Before you run away with the idea I’m entirely besotted, however, I must acknowledge that, like most of us, he has an unattractive side. Indeed, it was well-illustrated in David Cameron’s uncharacteristically inept tribute to the birthday boy in the Commons on Tuesday, when he quoted Prince Philip’s reply to someone who had once asked him how his flight had been: ‘Have you ever been on a plane? Well, you know how it goes up in the air and comes down again — it was like that.’
Why, when the Duke has made so many witty and pithy remarks over the years, did the Prime Minister choose to quote this example of sheer, unfunny boorishness? God knows, we’ve all asked people how their flights were. It’s a civil way of opening a conversation. The question really doesn’t merit a humiliating put-down from a royal duke.

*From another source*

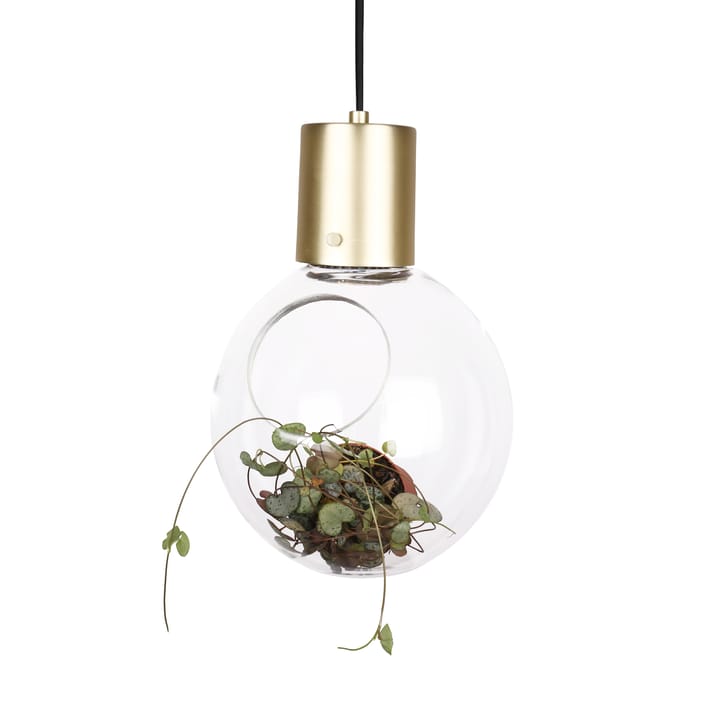 Mini Hole ceiling lamp - clear-brass - Globen Lighting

Perhaps Prince Philip just doesn’t realise that most of us, when we’re asked how our flight was, could jaw on for hours about the delays, queues at security and food running out. If only air travel were simply a matter of going up in the air and coming down again, as it is for him, we’d all be a lot happier about it.
It may be that Mr Cameron thought the story illustrated the Duke’s dislike of small talk and his unwillingness to suffer fools gladly. I’m more inclined to believe it appealed to the Etonian bully in the Prime Minister.
Either way, this is not a day to dwell on Prince Philip’s faults. For he has virtues in abundance — boundless energy, good humour, stoicism, a keen interest in other people and an unfailing sense of duty — which, I reckon, far outweigh his failings.
I’m not going to apologise for my trade’s failure to give much space to his good works. For if we filled our papers with reports of his countless gaffe-free visits to drug rehabilitation centres and the like, people would soon stop buying them.
Enough to say that in that Bethnal Green basement a decade ago, I became a keen fan. And I know millions of others — perhaps many more than he may think — will join me today in wishing him the very happy 90th he’s so richly earned.